Building-level validation was also performed to verify the robustness of the fiber-based numerical model under dynamic loading. The target was the NHERI shaking table test of a two-story mass timber building (Pei et al., 2019), which consisted of two coupledPT-CLT walls with UFPs in the same shaking direction. The tested structure has a first and second story height of 3.66 and 3.05 m, respectively. The estimated seismic weight, excluding the weight of the CLT walls, was 391 kN for the floors and 400 kN for the roof (Wichman et al., 2022). For each coupled walls, five UFPs were employed as dissipative coupling links. Each CLT panel has four post-tensioned tendons symmetric about the centerline, with each initial PT force of 53 kN, nearly 40% of the yield force. The building was tested under 14 ground motions, including 4 ground motions scaled to three hazard intensity levels, namely service level earthquake (SLE) (50% in 30 years), a DBE (10% in 50 years), and an MCE (2% in 50 years). The detailed descriptions of the building, materials, and ground motions can be found elsewhere (Barbosa et al., 2021; Pei et al., 2019; Wichman, 2018; Wichman et al., 2022).

A 2D numerical model (Figure 7) was developed for one of the two walls because the structure is symmetric, and negligible torsion was observed during the experiment (Wichman et al., 2022). It is assumed that each individual panel resists a quarter of the overall seismic force for the rigid diaphragm (Pei et al., 2019), and the corresponding seismic mass was defined at the floor nodes on CLT walls. An additional gravity-leaning column representing the gravity system was defined in OpenSeesPy to capture potentialP-Delta effects. The leaning column was modeled with elastic beam–column elements and was pinned at the foundation (Figure 7). Each floor node on the leaning column was rigidly connected to the floor node on the CLT wall. Zero-length elements with negligible rotational stiffness were defined at the junction of the floor node and its adjacent elastic columns to simulate moment release. To represent the diaphragm-to-wall connection, zero-length elements with material property assigned in the horizontal translational degree of freedom only were adopted.
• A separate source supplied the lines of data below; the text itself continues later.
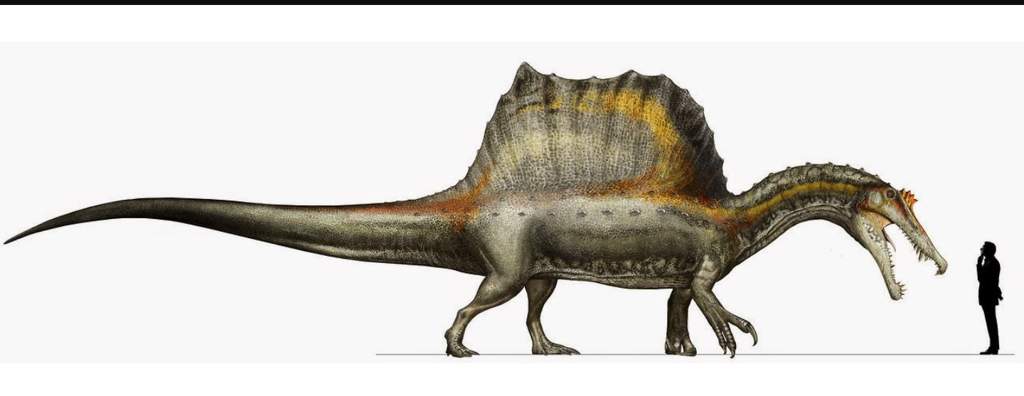 spinosaurus look alike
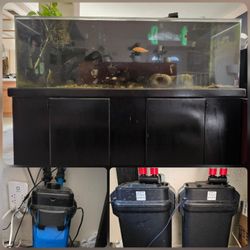 Fish Tank 85gal, Stand, 3x Canister Filter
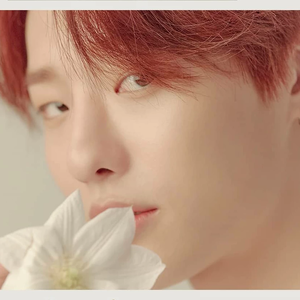 annelin101010 profile image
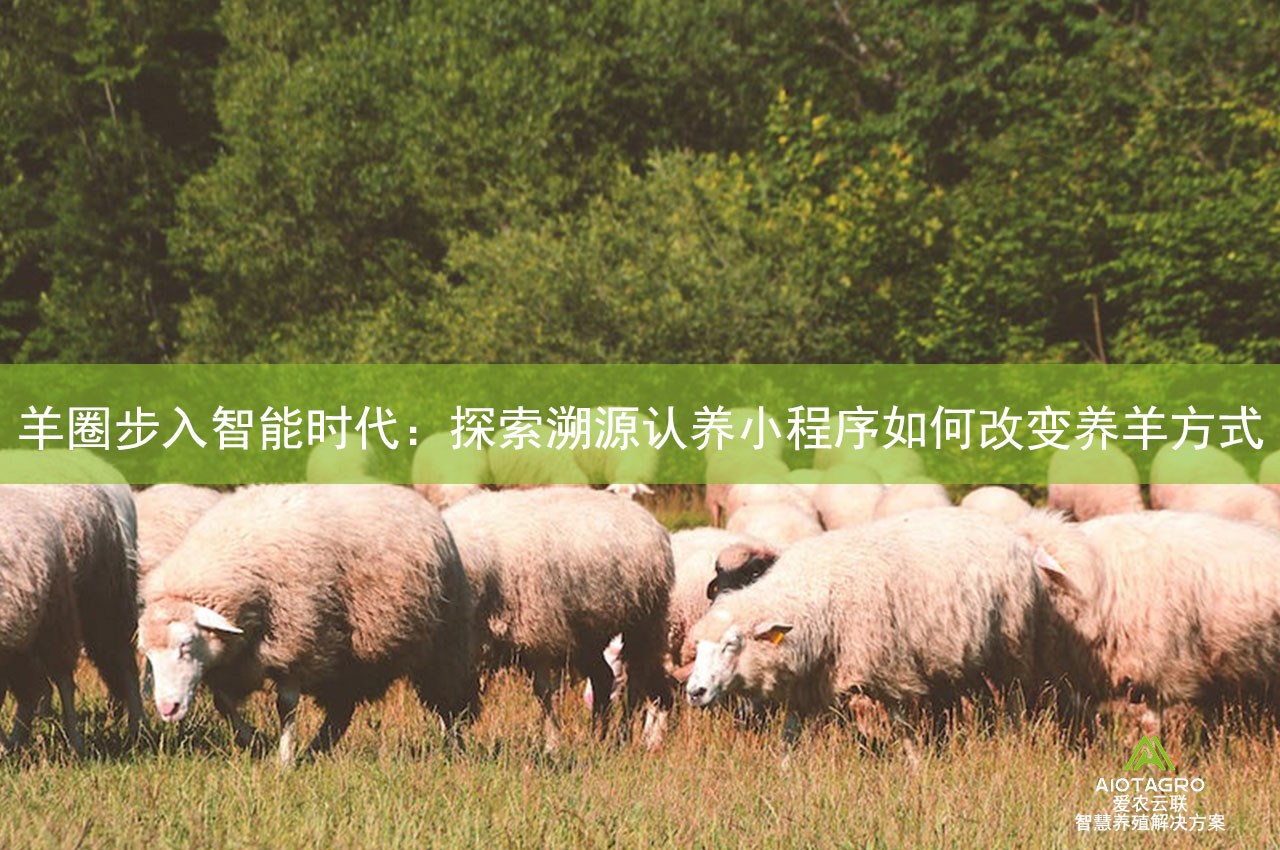 羊圈步入智能时代：探索溯源认养小程序如何改变养羊方式
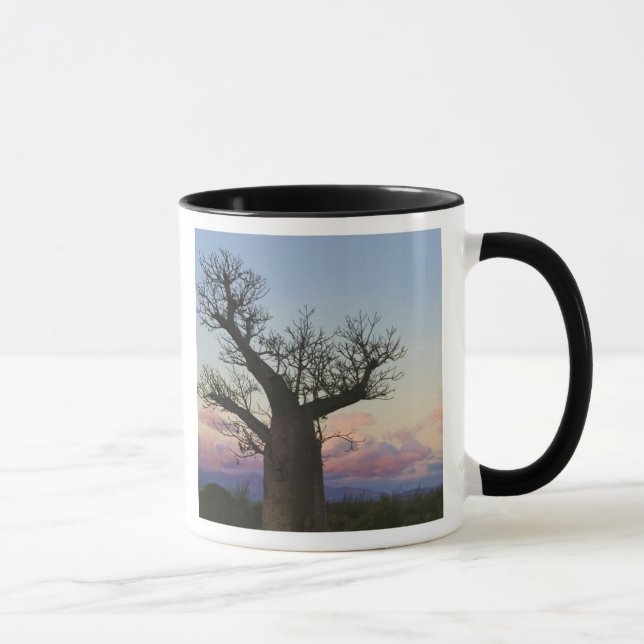 Caneca Árvores Baobá, Berenty, Toliara, Madagascar (Direita)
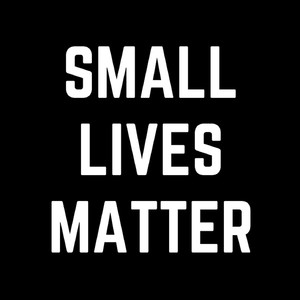 Small Lives Matter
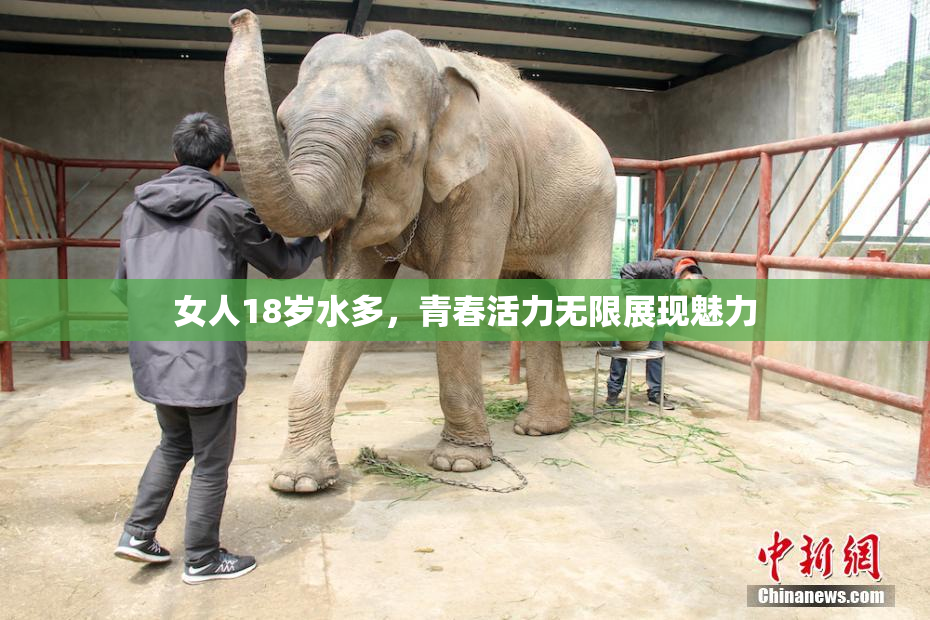 女人18岁水多，青春活力无限展现魅力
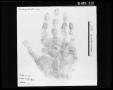 Photograph: Fingerprint Card: Lee Harvey Oswald, Right Hand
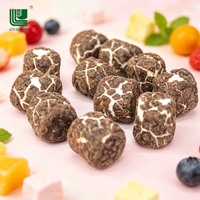 Malvaviscos Liofilizados al Por Mayor, Personalizados, con Recubrimiento de Chocolate, Barra Sólida, Dulce Divertido, 12 Meses de Duración, Personalizable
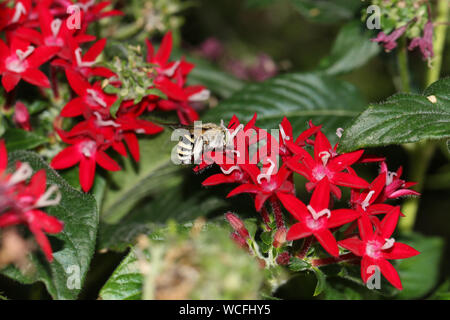 Abeille jaune et noir poilu un type d'abeille amegilla digger d'Amérique latine qui se nourrit d'une famille rouge pentas lanceolata a également appelé un Égyptien fleur starcluster Banque D'Images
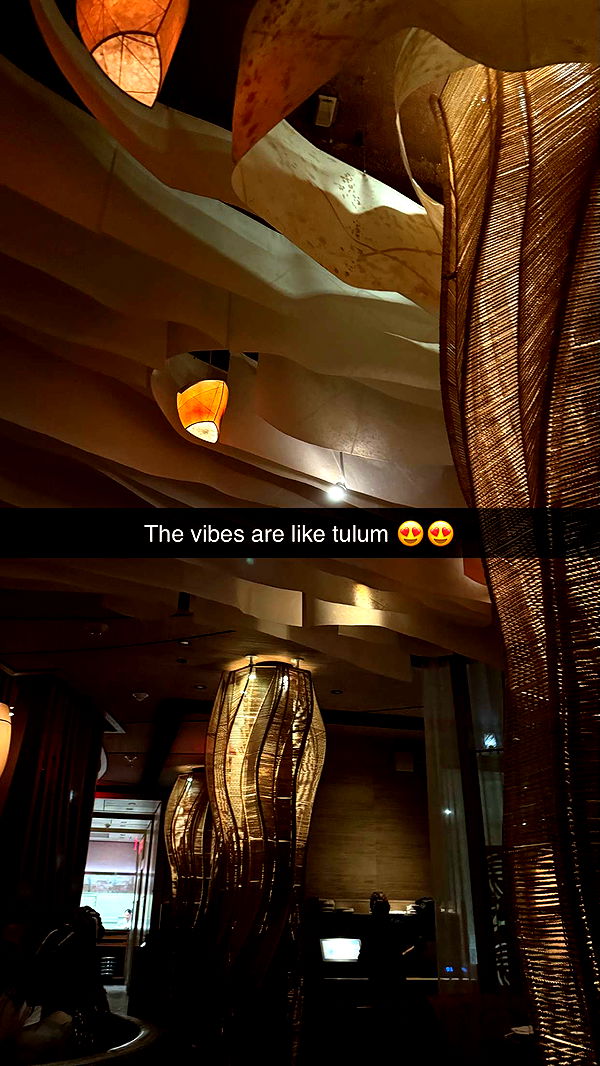 camilla_classy image ~ Altpins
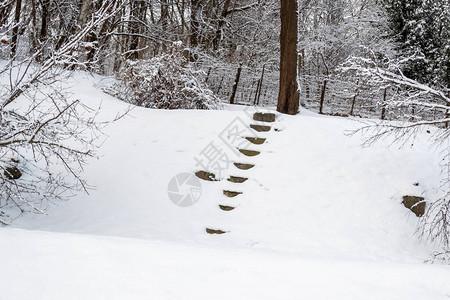冬季公园雪中的楼梯图片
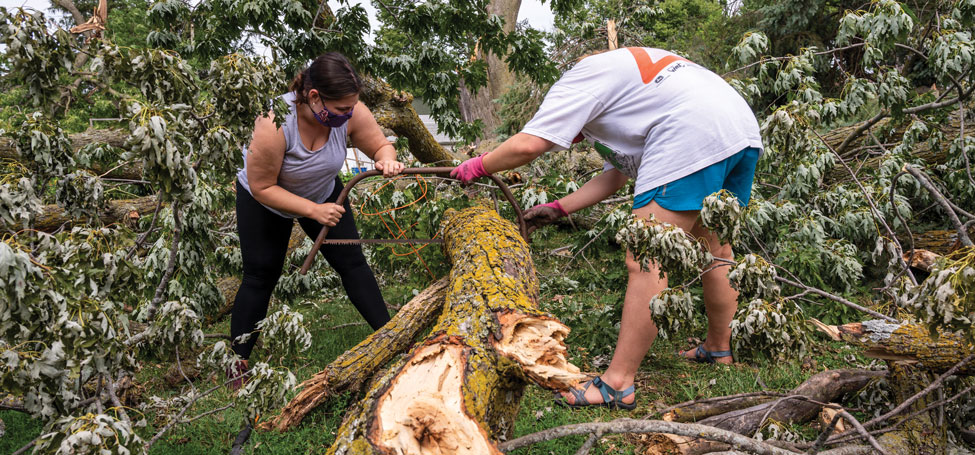 Two volunteers use a saw to cut up a large mossy downed tree limb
The material is based on the shear key dimensions and properties reported in Wichman et al. (2022). The PT-CLT wall panels were positioned on a steel foundation beam to achieve a rigid foundation. However, significant flexible foundation effects were observed during the shaking table test, impacting the overall structural dynamics (Wichman et al., 2022). Therefore, while adopting the same fiber-based modeling strategy, additional considerations proposed by Slotboom (2020) were followed to account for the foundation’s flexibility. This includes the definition of extra nodes (W1 and W2) below the bottom node at the CLT wall panels (W3). A rigid link element connecting W1 and W2 was employed to physically model the foundation beam, and a zero-length section element was used to connect W2 and W3 to capture the flexible deformation of the beam (Figure 7).

Figure 7.

Fiber-based numerical model with flexible foundation.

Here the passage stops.